Soren Moller & Dick Oatts, The Clouds Above (Audial Records)
The magic of PR is breathing second-life into this ’08 masterpiece of jazz duets from Danish pianist Soren Moller and saxplayer/flautist Dick Oatts.   Good that it did, too — it’s not often that I mumble, “Gee, not a lot of this kind of stuff comes in here” and not mean anything snarky by it.   Not ambiance, not chill, this is a truly passionate joint, the goal being European atmospherics, but with all the intimate look-seeing into these two players (and I don’t mean just the miking, which catches the physical swirling of air over Oatts’s reeds) it’s a Grimm’s fairy tale volume in song.   Both of these guys try to hurt stuff, Moller banging at the keys as though hired to do a live soundtrack for an Olympic gymnast, Oatts doing an overtired Sonny Rollins, wringing alien squeals out of his sax.   Yes, it’s Euro — the depth here isn’t something you get from your everyday overeducated Berklee crew — but more so it’s worldly, taking on Prokofiev’s Romeo and Juliet at one point.   More for headphones than dinner, this will move you in ways you won’t quickly forget.
Grade: A [street date: 12/23/08]

Perfect, French Connection (Groove Attack Records)
Like most of its competition, the roots reggae of Saint Ann, Jamaica’s Perfect has to find its way in a world dominated by Elephant Man, a task that requires no small amount of wild-eyed chicken-rattle craziness.   The riddims are mostly primeval skanky one-drops (behind the strident chorus of “Absolute Blessings” and the obvious radio-prostration cover of Bill Withers’ “Ain’t No Sunshine”), but spread out into foot-dragging 4/4 (“Son of Jamaica”) and other hip-hop sounds.   In fact, what’s different about this feller is his tongue-in-cheek anything-goes similarities to early Jay-Z — melodies are group-whistled, vocoder is used in an interesting-enough turn, call-outs are hinted at with cleverness.   The big play tune, “Mi Nah Cut My Dread,” is po-faced, though, feeling like a storm cloud refusing to rain; it could surely be seized upon for remixes by outside-the-genre guys.
Grade: A [street date: 2/16/10]

Mission Hill, Mission Hill (Toucan Cove Records)
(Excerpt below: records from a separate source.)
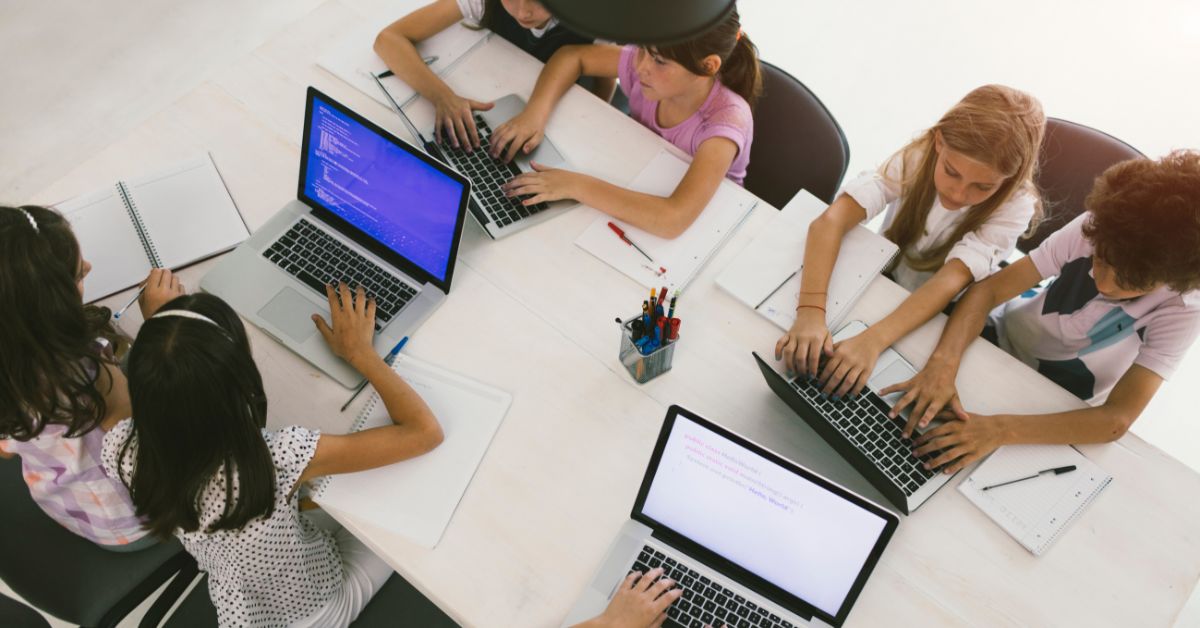 A diverse group of kids working together on a laptop, engaged in real-world problem solving for kids. This image illustrates how kids use tech with purpose and apply STEAM for problem solving in a collaborative setting.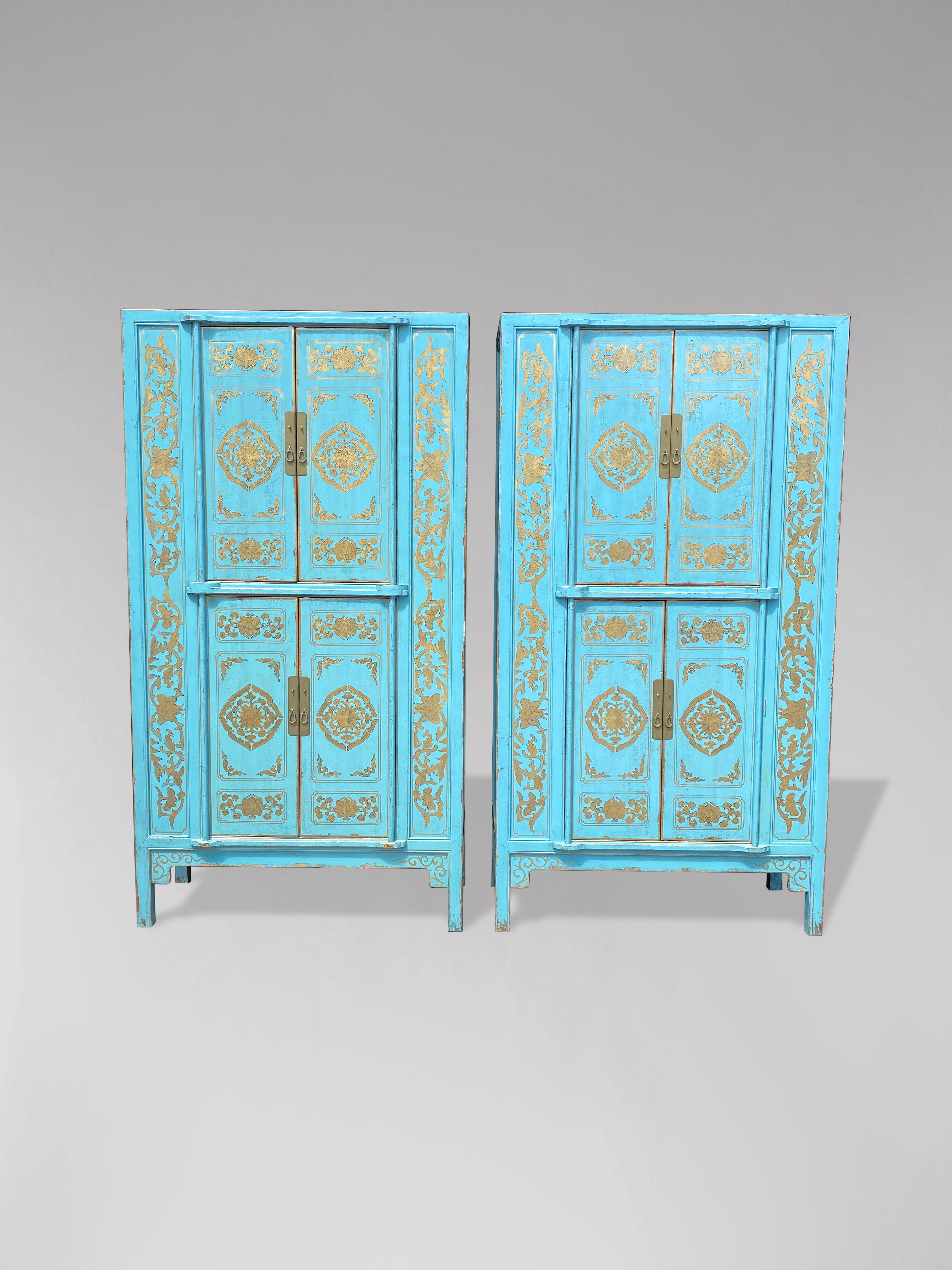 Pair of late 20th century turquoise painted with gold motifs tall cupboards. Each cupboard with 4 doors enclosing a shelf and plenty of storage. Four large compartments to each cupboard offering plenty of storage space. The doors are richly
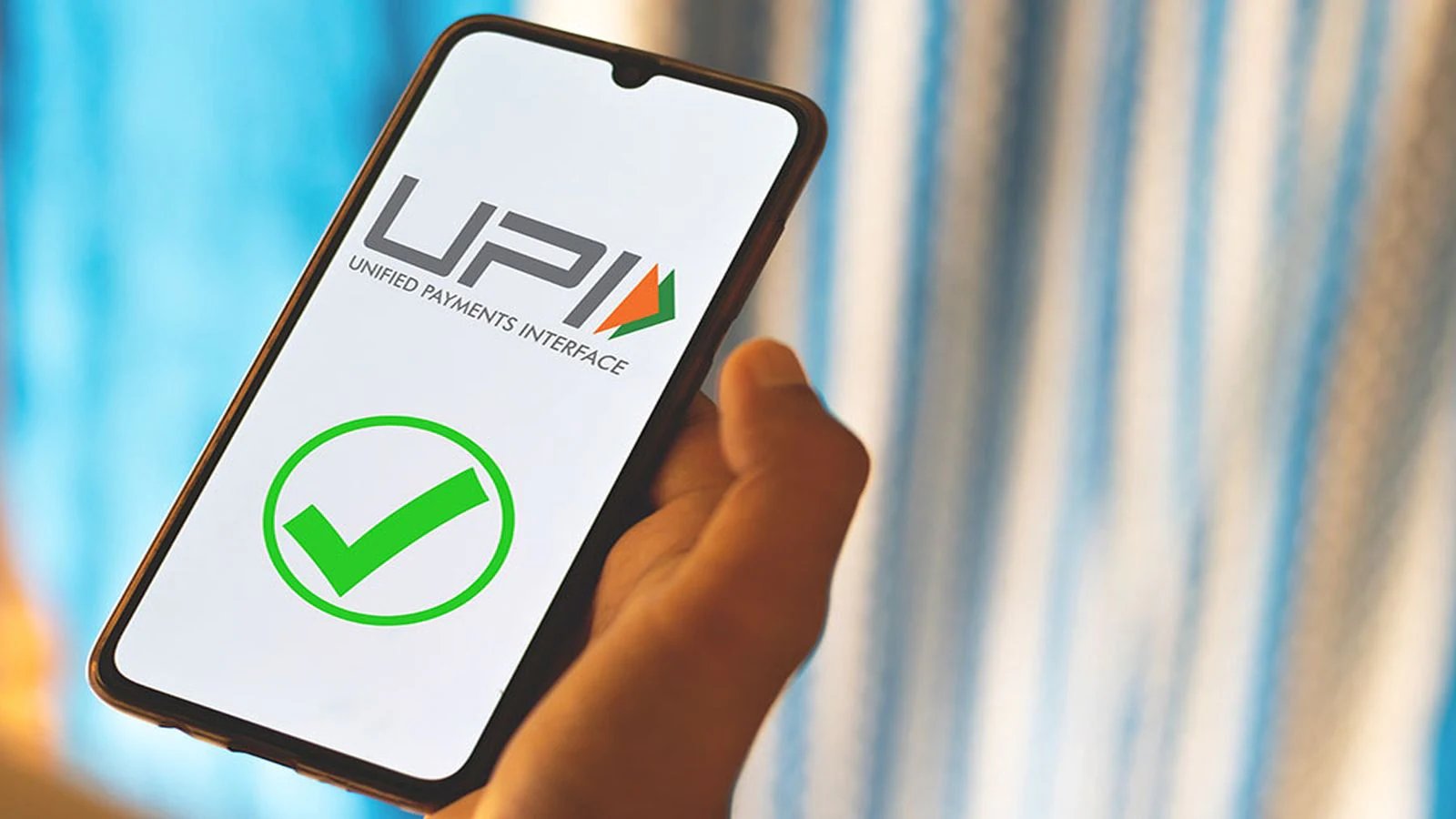upi mdr fee: The Essential Urgent Update for Merchants 1 Small business owner reviewing financial transaction data on a tablet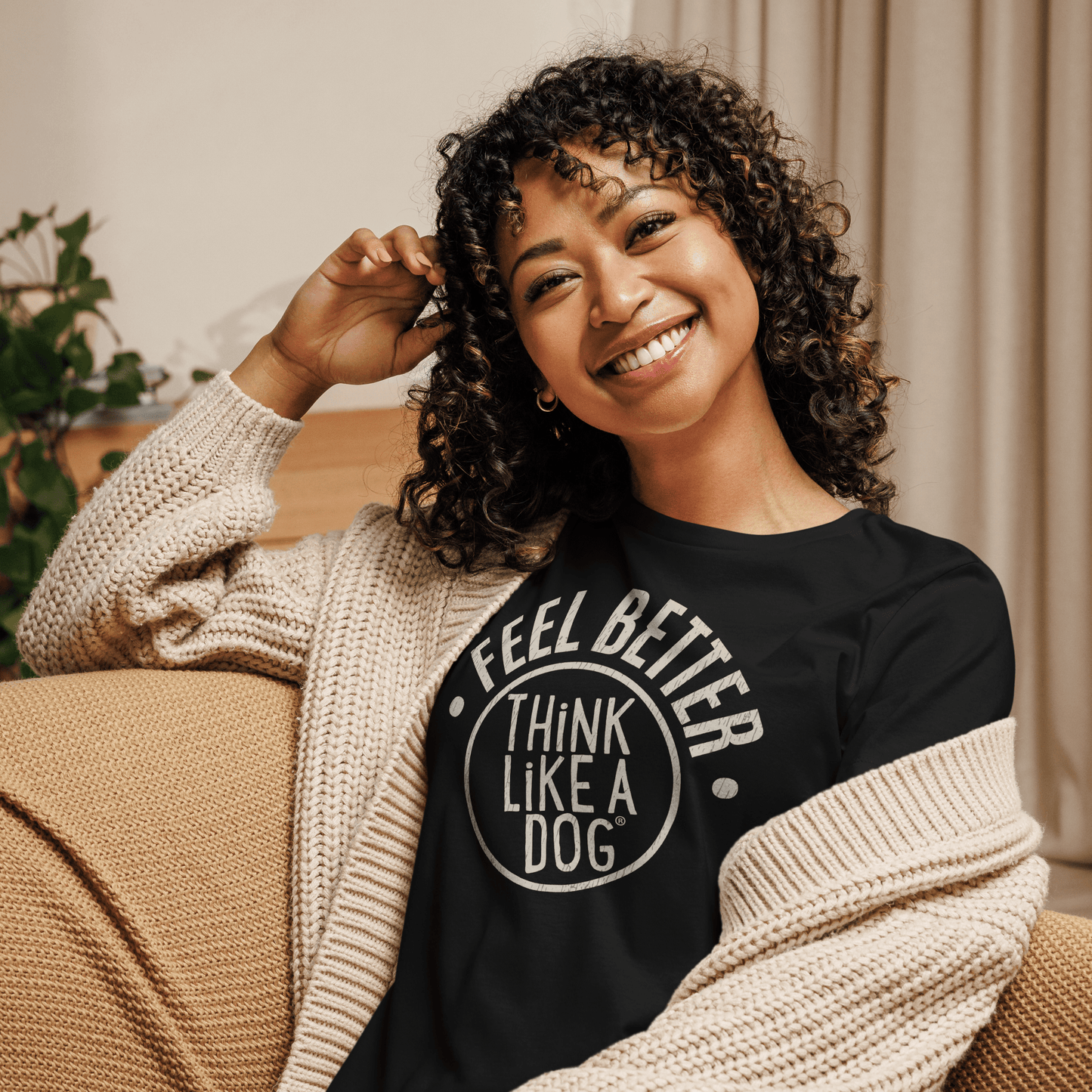 A curly-haired dog mom sits on a couch, wearing THiNK LiKE A DOG®'s ultra-soft "Feel Better Women's T-Shirt with Large Logo," perfectly paired with a cozy beige sweater.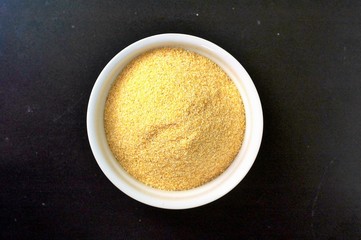 Corn flour polenta in white bowl on black background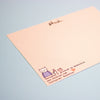 A pink-coloured postcard with a small printed illustration of a cat and text at the bottom, photographed on a light blue background.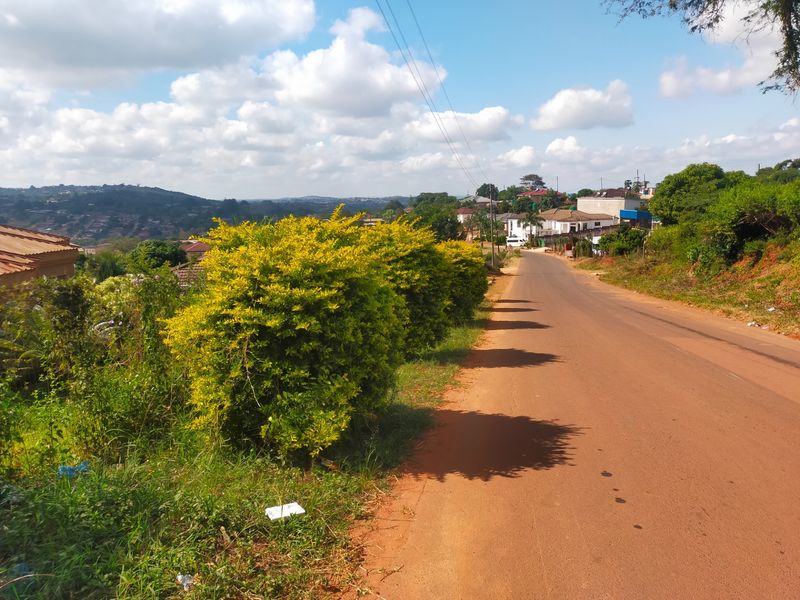 A view of the local street and surrounding neighbourhood landscape, showing the road approach and nearby residential properties.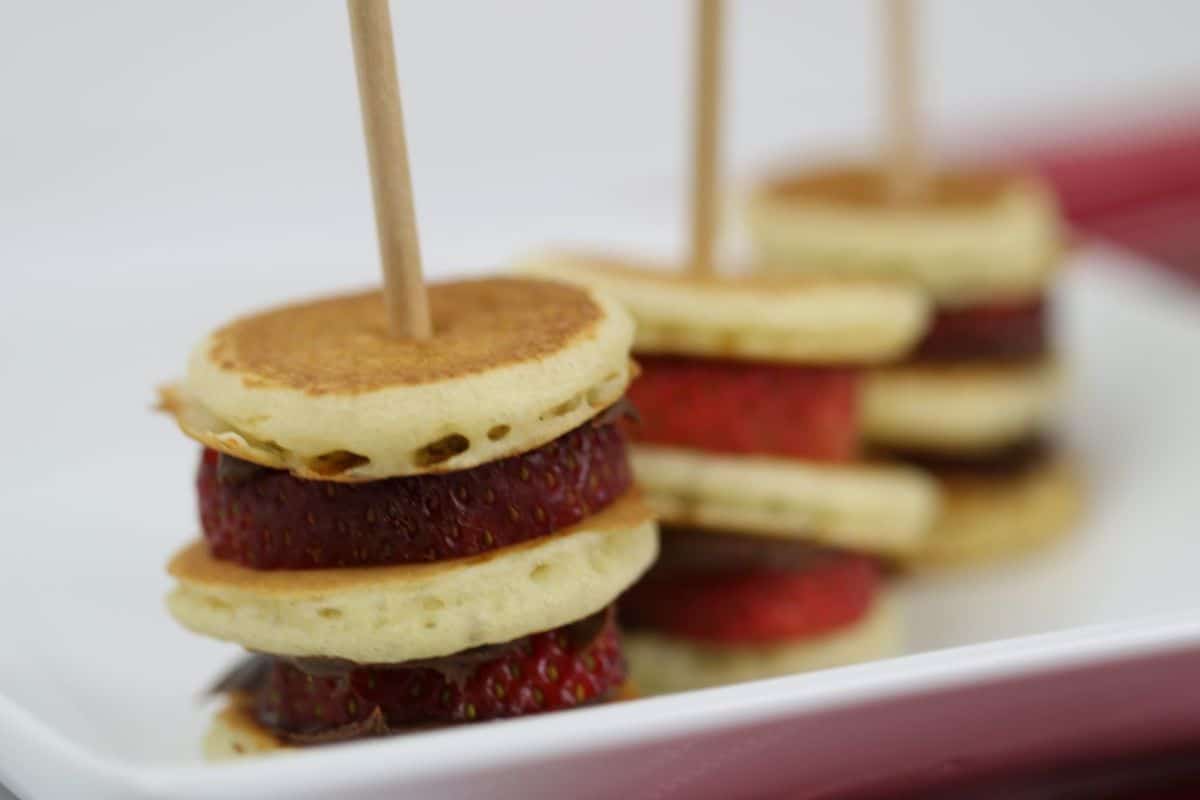 Mini pancake stacks with strawberries and skewers on a white plate make the perfect treat for a relaxing weekend brunch or to inspire new pancake recipes.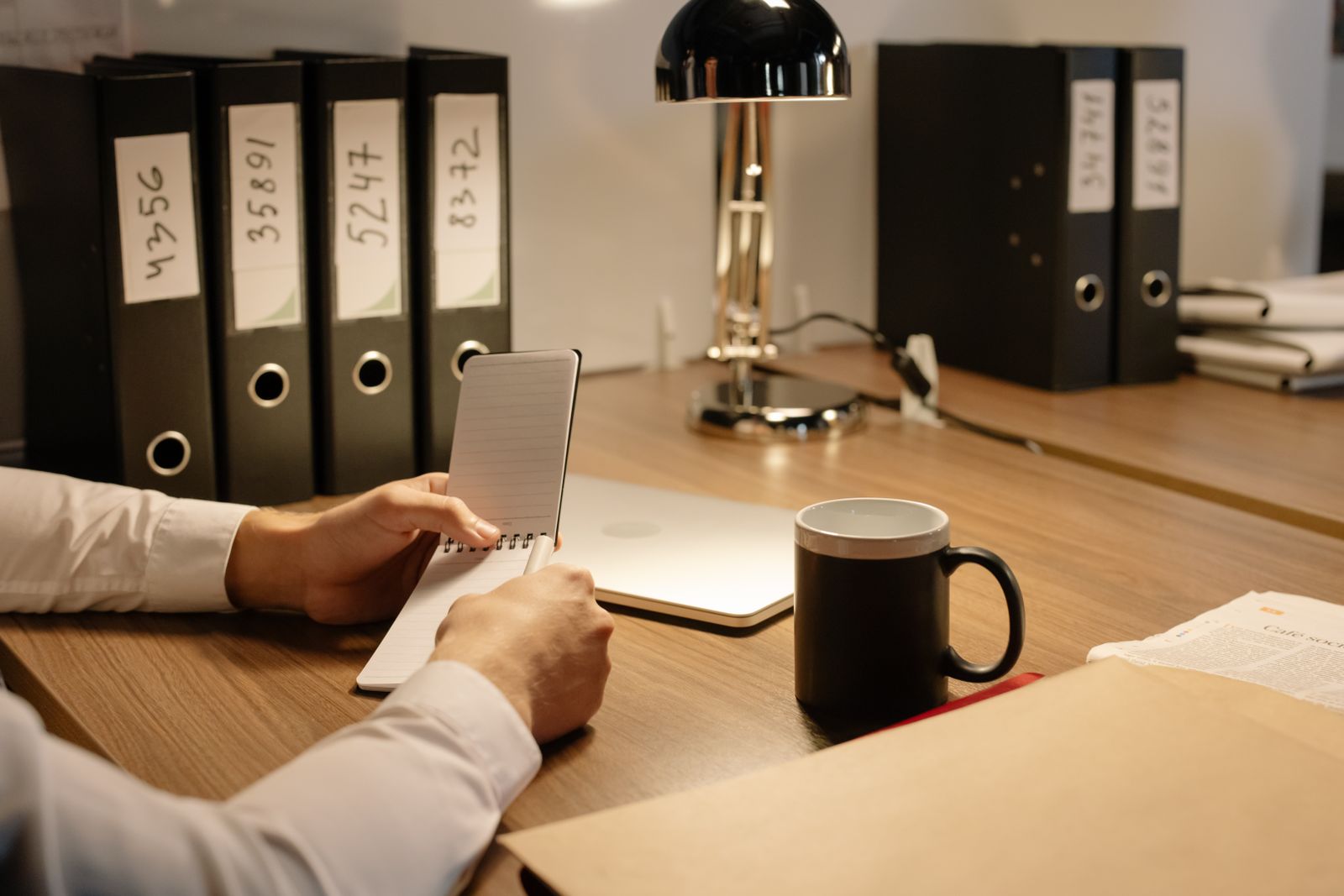 A person reading notes at a desk in front of numbered binders on a shelf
Who wouldn’t want to have a sexy-grungy adult-emo pop song on radio and a runway model girlfriend, most definitely, but generally speaking, the achievement of such selfless, gregarious aims requires a little more originality than what this Boston foursome possess.   “This Town” cradles the stoic lovey-dovey bombast of Goo Goo Dolls’ “Iris” and adds a Wallflowers finishing touch, not an earthshakingly original thing but not one smacking of dittoheadedness either.   But any Third Eye Blind worship one senses previous to “Forever Anyway” is proven out in spades, as the verse to “Jumper” could be sung on key over the main chord pattern.     I know you’re waiting for accusations of Snow Patrol theft by now, and I shall not disappoint (“Save Me From Me”). “6th Avenue Heartache”-influenced bar-rock reappears, Tom Petty-esque organ and all, in “Long Time Comin’,” and then it’s back to Snow Patrol/“Jumper” nicking again at “Down With Young Love.”